Чтобы добраться от ее нового дома до их деревни Сальково, можно ехать через весь город на двух автобусах. Да еще и пешком от Ерино. А можно всего-навсего дойти до угла четвертого микрорайона и спуститься к речке. Еще метров двести и паром. Правда, он возит раз в час. Иногда она приходила раньше и смотрела на противоположный, заветный берег. Три высоких, метров двадцати, холма, как могилы трех богатырей. Они, дети, так и звали это место. Все три холма поросли могучими, сверкающими белизной березами. Ветер всегда играет их листвой. Там много земляники и красивых полевых цветов: ромашек, гвоздичек, колокольчиков. Между холмами – овражки-проходы. Что здесь было взаправду? Добывали тут век назад белый камень, как недалеко, над следующим поворотом Пахры? Мама ей рассказывала, что раньше под городским парком были каменоломни, загадочные пещеры. Но уже на ее памяти их засыпали наглухо, да так, что и найти, и догадаться, где были входы, - нельзя было. В шестьдесят шестом там погибла группа молодых ребят. Заблудились и задохнулись. Сальково, эти холмы - место древнее, в начале семнадцатого века – вотчина Данилова монастыря. Река – как огромная рука, обнимает весь город, лежащий в подоле ее зеленого платья… Она была глубокой, судоходной еще недавно. Пароходы ходили до самого поворота реки, там, где сейчас на огромном дереве висит тарзанка. Самые отчаянные ребята прыгают с нее, с сумасшедшей высоты, в воду. И с ивы. Ветки над водой. Благо, тут глубоко. Она однажды залезла на ту иву. Там даже подобие скамьи прибил кто-то. Голова кружилась отчаянно. Прыгнуть не смогла. Вся ободралась, даже живот. Ей Семочка говорил: «Прыгай! Слезать куда хуже! Только вдохни поглубже».

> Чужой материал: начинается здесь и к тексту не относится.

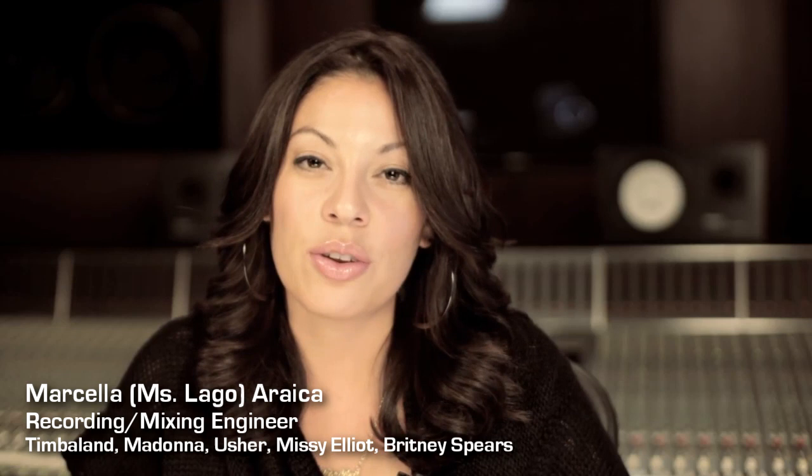Hi, my name is Marcella Areca, recording and mixing engineer that's worked with everybody from Madonna, Usher, Britney Spears, Duran Duran, and that's just to name a few. Today I'm here to talk about HEQ.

Детство виделось ей в сверкающих, нежных лучах утреннего солнца. Деревня и школа. Сейчас она уже поняла, что потеряла. У нее было странное чувство, что все отношения в прежней, одиннадцатой школе, были иными. Из другого времени. Как и двухэтажные послевоенные дома, в которых они жили. Такие же были и люди. Добрые, доверительные, по-соседски простые. Учителя старые, из тех, далеких, неизвестных и ранящих лет. Наверное, их детство пришлось на войну, от этого они спешили донести детям главное – свою доброту и свое сердце. Такое отношение никогда не растворяется в учениках бесследно. Будто лучик они поселяют в них… Светка грустила, вспоминая всех людей из своей прежней жизни… Сидела на уроке, а перед глазами – ее путь в старую школу. Каждый поворот, дом. Вот Оля кивнула: «Привет!». Дворняга виляет хвостом, встречая у школы каждого. Немало бутербродов ей отдано. Вдруг будто из небытия она слышит свою фамилию… Она на уроке. Уже поднялась из-за парты. Ей пришлось расстаться с Олей и дворнягой! Она вернулась в это время, в ужасное «сейчас». От смутной досады и растерянности покраснела. Разумеется, она даже не слышала, о чем ее спросила учительница русского языка и литературы. Метнула в учительницу косой взгляд и снова долу – к полу. Молчала… «Мечтаешь?». По классу прокатились легкие смешки. Учительницу эту она ненавидела. Однажды заметила, как та заигрывала с женатым учителем. Улыбалась, выставляя вперед крупные, некрасивые зубы. Потом в середине урока, когда все писали сочинение, ела огромное яблоко, хрусткое, сочное, ароматное. Разве может человек с громким званием «учитель» так поступать? Светка глотала слюни. Даже голова кружилась. Ей стало бы еще обиднее, если б она не увидела, с какой ненавистью на учительницу смотрит худенькая белобрысая девчонка за первой партой. Она сидела напротив учительницы. Поэтому яблоко видела прямо перед глазами. Брызги в нее летели. Гибкая гимнастка, она выделывала на физре такие штуки, которые никому были не под силу. Светка успокоилась. Ничто так не объединяет, как ненависть.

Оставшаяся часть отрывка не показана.